I received the November 2000 issue of Reader's Digest.
Turning it over, I was delighted to see that the rear cover held a photograph featuring a beautiful Lepidopteran, sitting on a hiker's boot in lovely wild terrain.
Substituting inferior local scenery and workmanship, the picture looked something like this:

It was accompanied by a moving and thoughtful caption -- something about the "rugged power of the Rio Grande" contrasting with "an ephemeral butterfly" "poised for a fleeting moment".
On closer study, I cracked up laughing. Then I sent an email:
Fortunately, the folks at Reader's Digest thought it was pretty hilarious too. They chatted with me, and with the photographer, and then in a high spirit of good humor they published my whole letter, a reproduction of the image, and a reply from the photographer explaining that it was a "mystery" how the moth came to be on the hiker's boot, and that this was "art, not science". I could not possibly agree more!Dear Reader's Digest:
The "Rio Grande" photograph is lovely, and your words
on the back cover of the November issue are moving and sensitive.
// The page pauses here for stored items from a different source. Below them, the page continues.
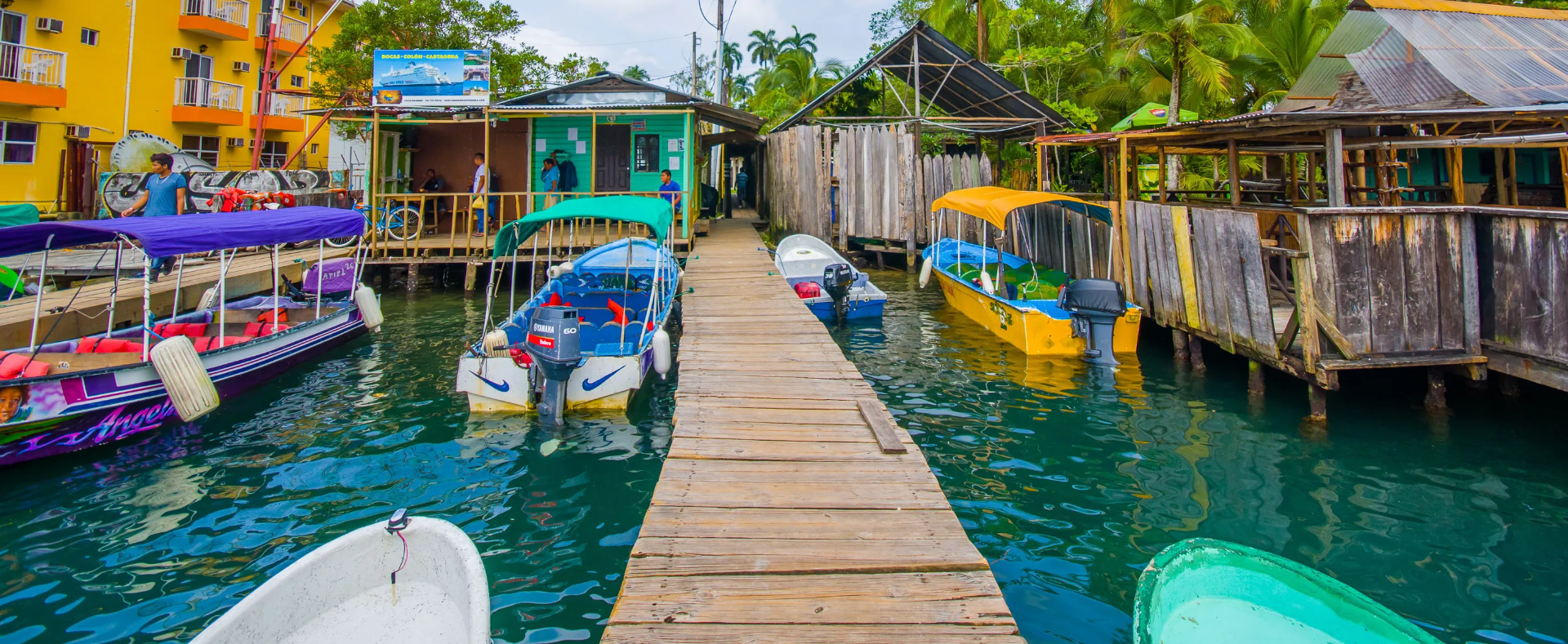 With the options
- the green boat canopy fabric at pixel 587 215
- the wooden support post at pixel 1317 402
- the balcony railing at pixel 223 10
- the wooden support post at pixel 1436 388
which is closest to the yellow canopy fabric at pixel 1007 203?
the wooden support post at pixel 1317 402

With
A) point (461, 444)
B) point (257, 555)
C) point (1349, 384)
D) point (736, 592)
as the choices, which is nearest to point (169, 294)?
point (461, 444)

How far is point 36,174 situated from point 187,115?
500 centimetres

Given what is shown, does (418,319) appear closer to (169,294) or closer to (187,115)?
(169,294)

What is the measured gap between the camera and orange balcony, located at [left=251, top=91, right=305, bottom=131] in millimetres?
29703

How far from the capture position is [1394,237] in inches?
325

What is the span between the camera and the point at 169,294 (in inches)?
512

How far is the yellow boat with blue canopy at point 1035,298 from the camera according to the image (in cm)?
1093

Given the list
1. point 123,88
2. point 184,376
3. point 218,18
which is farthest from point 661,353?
point 218,18

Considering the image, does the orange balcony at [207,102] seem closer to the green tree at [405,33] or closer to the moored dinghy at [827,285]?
the green tree at [405,33]

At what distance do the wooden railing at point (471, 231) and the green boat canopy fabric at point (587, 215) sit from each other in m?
4.94

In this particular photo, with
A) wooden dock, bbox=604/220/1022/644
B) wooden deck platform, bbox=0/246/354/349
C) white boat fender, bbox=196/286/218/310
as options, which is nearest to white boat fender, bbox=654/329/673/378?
wooden dock, bbox=604/220/1022/644

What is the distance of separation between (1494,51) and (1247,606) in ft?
40.3

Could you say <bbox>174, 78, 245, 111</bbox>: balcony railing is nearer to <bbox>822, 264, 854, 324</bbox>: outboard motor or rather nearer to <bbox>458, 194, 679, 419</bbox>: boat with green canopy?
<bbox>458, 194, 679, 419</bbox>: boat with green canopy

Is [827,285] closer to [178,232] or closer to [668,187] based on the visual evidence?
[668,187] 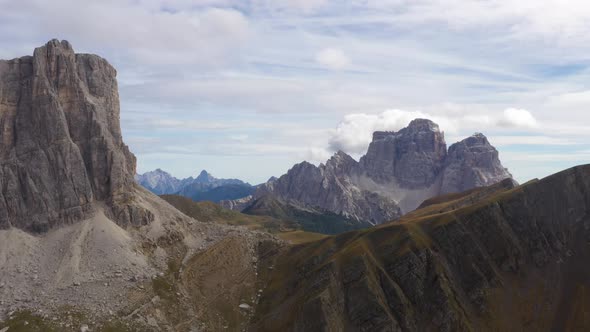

Thanks for publishing them!
But I thought I should let you know that both the picture and your
write-up are also pretty amusing to readers with a certain background.
The key is to recognize that the "butterfly" in the photograph is
actually a moth -- specifically, a Polyphemus moth (Antheraea
polyphemus), one of our largest and showiest native silkmoths.
Now it's not that big a mistake to call a moth a butterfly, but you
have to appreciate that Polyphemus moths simply do not fly during the
day unless disturbed, and then their goal is to find a new dark
hiding place where they can fold their wings.
The odds of finding one on a hiker's boots, with its wings spread,
in full sunshine, for long enough to take a picture, are only
slightly higher than that the Rio Grande would suddenly freeze over
at the same moment.
So the picture is fake ... uh, posed. Instead of an "ephemeral
butterfly" "poised for a fleeting moment", most likely what we really
have is a thoroughly dead moth, wings tastefully spread, probably
pinned or glued to the hiker's boot so that a stray breeze will not
dislodge it while the photographer carefully frames and exposes his
picture.
It's lovely. It's hilarious. Thank you!

--Rik
Disclosure: The image posted above is actually a 4-frame (2x2) stitched panorama, overlaid by a carefully masked image of my legs, boots, and a pinned moth, with the pin cloned out of the moth and numerous contrails cloned out of the sky. Neither the river, the sky, the boots, nor the moth, ever actually looked quite like this.